Le 1er septembre, la Cour suprême invalide le scrutin, en raison d'"irrégularités", et ordonne la tenue d'une nouvelle élection dans les deux mois, une première en Afrique. Cette décision historique est saluée à l'étranger comme un gage d'indépendance du pouvoir judiciaire, mais fustigée par Kenyatta qui vitupère contre les juges "escrocs".

En octobre, il est finalement élu avec 98% des voix lors d'un scrutin boycotté par l'opposition et marqué par une faible participation. Quatre ans plus tôt, la Cour Suprême avait rejeté un recours déposé par Odinga, confirmant l'élection d'Uhuru Kenyatta pour son premier mandat.

Révision constitutionnelle retoquée en 2022

En mars 2022, la Cour Suprême du Kenya confirme son indépendance en invalidant un processus de révision constitutionnelle initié par Uhuru Kenyatta. Ce projet baptisé "Building Bridges Initiative" (BBI) entendait notamment créer de nouveaux postes au sein de l'exécutif, dont un de Premier ministre, afin d'atténuer le système actuel du "vainqueur qui rafle tout", causant selon le président des conflits électoraux récurrents.

Ses détracteurs dénonçaient un stratagème du chef de l'Etat, interdit par la Constitution de briguer un troisième mandat, pour se maintenir au pouvoir. Dans leurs exposés respectifs, six des sept magistrats ont estimé que le président n'avait pas le droit d'initier ce processus de révision.

Une femme à sa tête

Depuis mai 2021, la Cour suprême est présidée par Martha Koome, première femme de l'histoire du pays à diriger l'une des trois branches de l'Etat. Cette ancienne avocate aujourd'hui âgée de 62 ans, fervente militante des droits des femmes, était pourtant considérée comme une candidate improbable parmi les dix prétendants au poste.

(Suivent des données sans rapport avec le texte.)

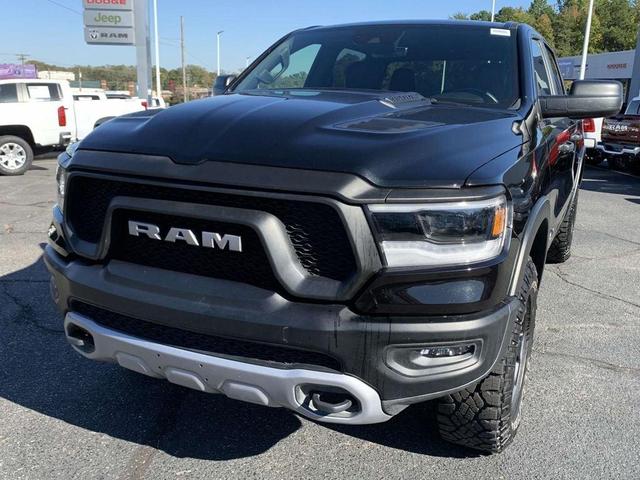 2024 ram 1500 rebel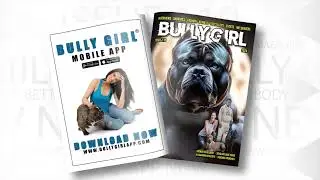 Bully Girl Magazine Issue 110 | Order at BGM Warehouse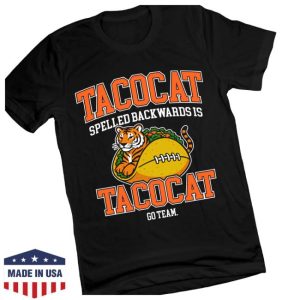 Cincy Shirts Store Merch Game Day Tacocat Shirt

Martha Koome s'est fait connaître sous le régime de l'autocrate Daniel Arap Moi (1978-2002), lorsqu'elle défendait des détenus politiques, dont Raila Odinga. Formée à l'Université de Londres, elle a rejoint la magistrature en 2003, après avoir exercé la profession d'avocat pendant plus d'une décennie.

En 2019, elle faisait partie d'un collège de cinq juges qui a rejeté un appel visant à empêcher une organisation de défendre les droits des homosexuels. Elle a promis de débarrasser le système judiciaire de la corruption et de préserver son indépendance."Je suis une juge qui regarde la société et les Kényans se sentiront en sécurité avec moi", a-t-elle déclaré.